I installed the bad hd and tried to mountallfs, it failed to mount /dev/hdb5 and /dev/hdb6:
“NTFS is either inconsistent or you have hardware faults, or you have a SoftRAID/FakeRAID hardware. In the first case, run chkdsk /f on Windows then reboot to Windows TWICE…”

(Obviously, since I can’t run Windows with this disk plugged in I’m not sure how to accomplish that. I don’t know what SoftRAID/FakeRAID hardware is. If hardware faults, I guess I’m dead in the water, eh?)

Then this:

Result of mounting:
[root@trk]: (~)y
-bash: y: command not found

What does that mean?

I didn’t use mountallfs - it is probably a bash script that pipes text characters into the input buffer of some mount commands. When it failed on your partitions, a “y” character got left in the buffer after the script exited, then the “y” ended up dumped on the command line, and failed again as there is no command named y. Ignore.

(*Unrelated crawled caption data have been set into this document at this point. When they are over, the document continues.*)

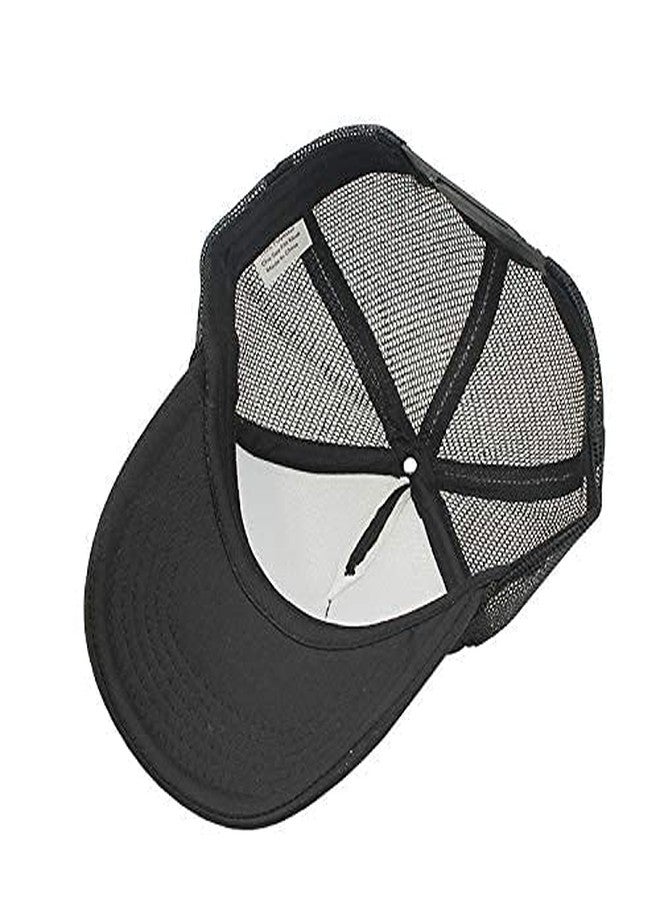 FASHOLIC Stylish Adjustable Baseball Net Cap for Men & Women (in, Alpha, Free Size, Adjustable Free Size, Black) - Image 4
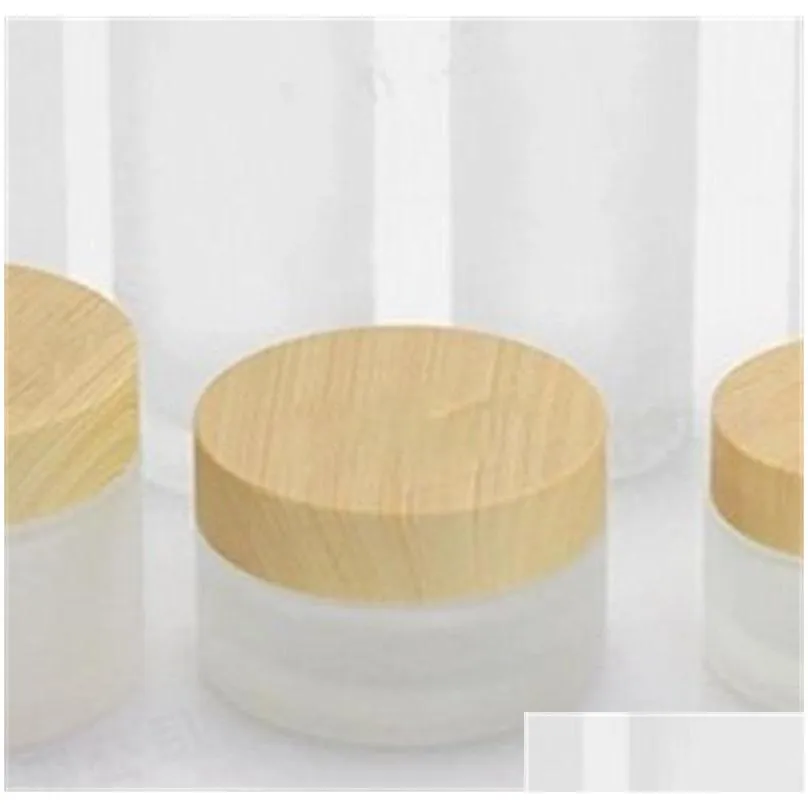 diy lotion pump cream containers empty perfume cosmetic jars emulsion wood grain cover frosted glass bottles clean 2 83fy f2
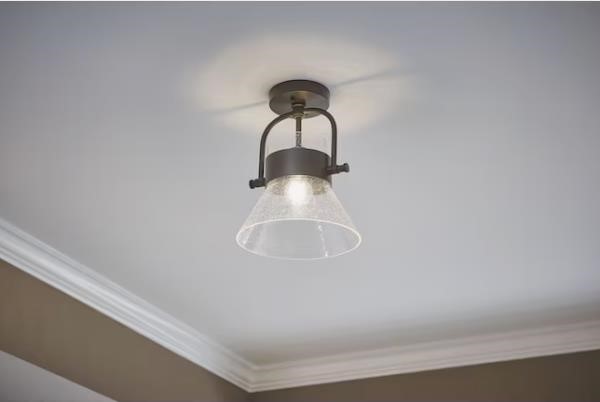 Aldean Ceiling Light  Semi-Flush Mount 1-Light $90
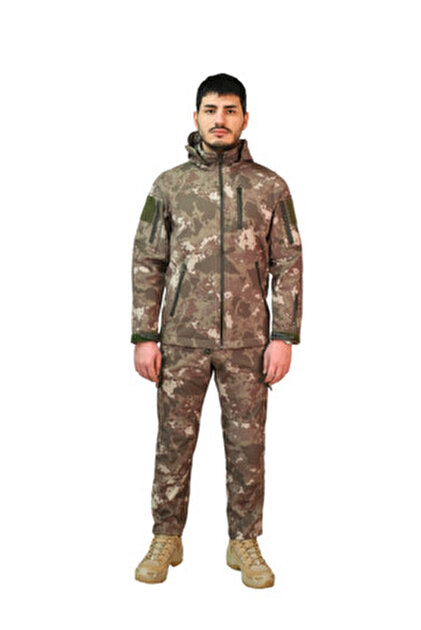 SİNGLE SWORD Askeri Tactical Softshell Mont (İçi Polarlı) MULTİCAM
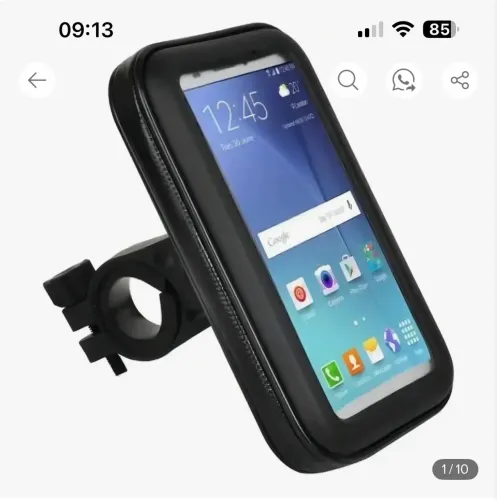 Suporte celular impermeável touch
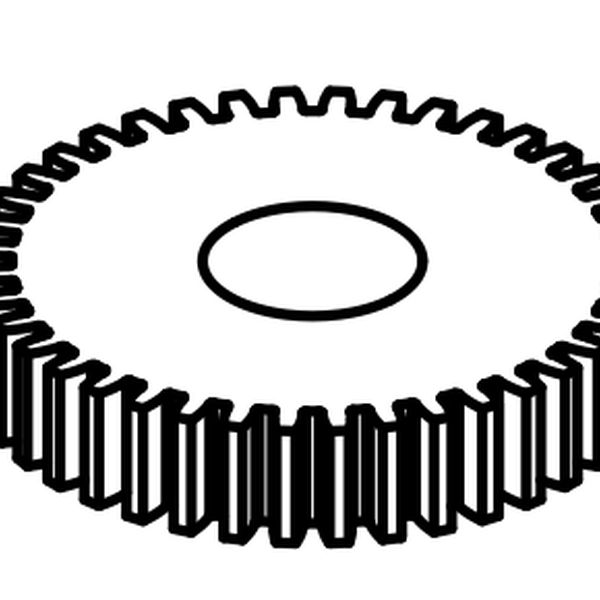 Spindle gear. Euroboor 032.0186 - 55, mm (metric)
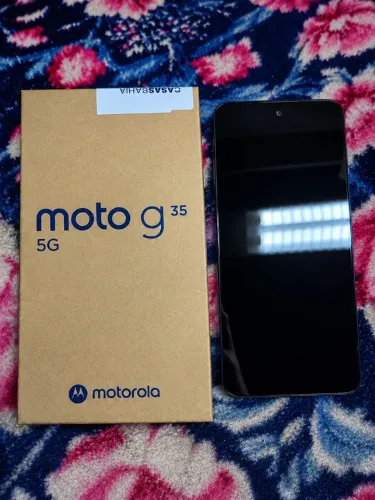 Moto G35 5g funcionando perfeitamente acompanha nota fiscal (não faço entrega) .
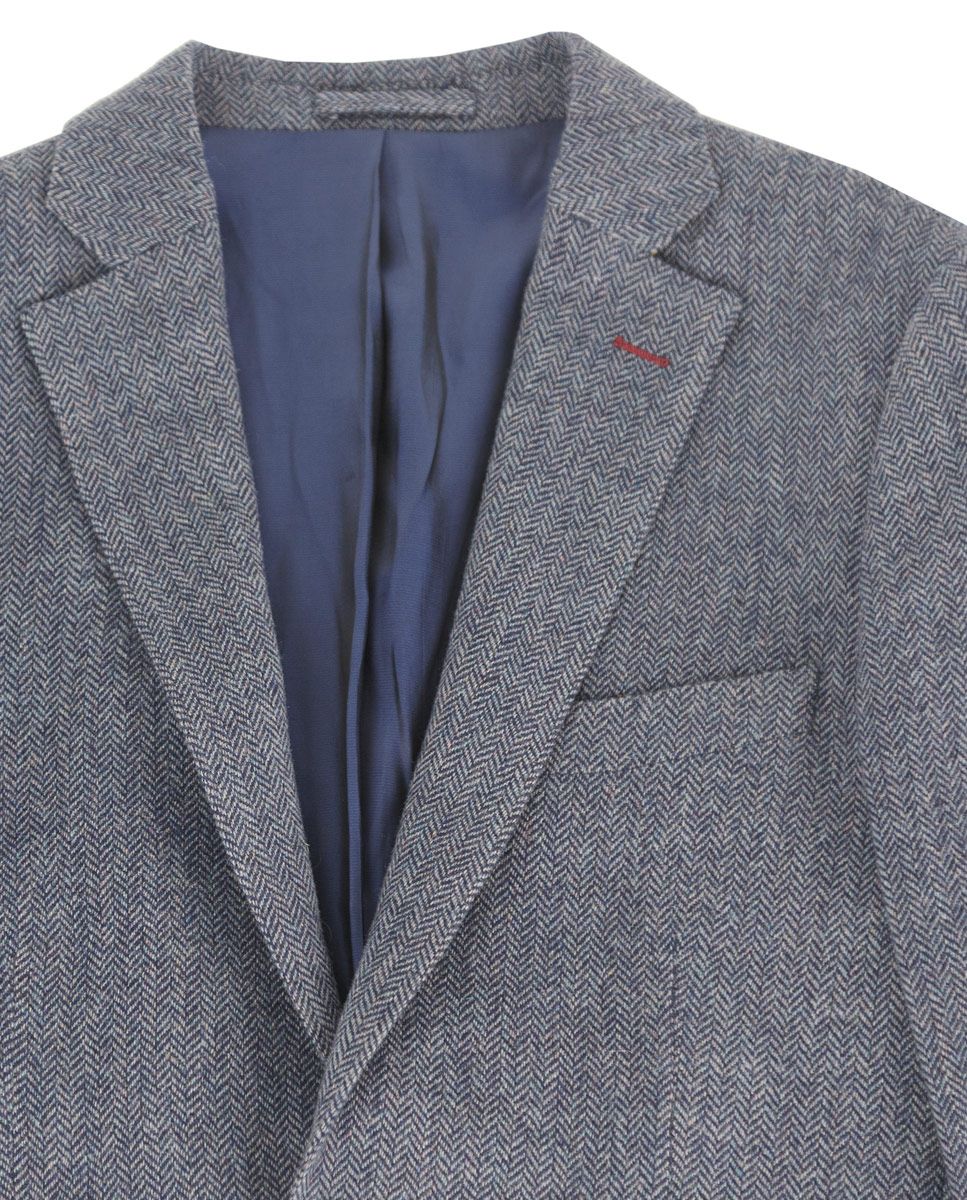 El Ganso® Americana Lana Espiga Azul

I would not worry about the SoftRAID/FakeRAID message - it is a default message for when the NTFS filesystem driver really cannot get anywhere with understanding the filesystem. SoftRAID/FakeRAID systems can distribute bits of the filesystem across drives in odd ways, and the NTFS driver has no way of knowing what has been done, so it warns you and gives up.

OK, so you have had an issue with hdb5 and hdb6. Did you check any other partitions to see if they mounted?
type mount to see what mounted and where.

I’m guessing, but
/dev/hdb1 could be the factory restore partition
/dev/hdb2 could be the Windows boot partition
/dev/hdb3 could be a D: drive
/dev/hdb4 will be the extended partition container
then /dev/hdb5 and /dev/hdb6 will be additional drives. But it seems like a lot - did you have 4 drives available on the computer originally?

There is a force option to mount mount /dev/hdb5 /mnt1 -o force may work.

Of course, the drive may be totally inaccessible. Take a look at building a BartPE winXP boot disk - you need a CDRom, some space, and an XP install disk. It will be slower than TRK, and there is a bit of a risk, but it may let you repair the dodgy volumes.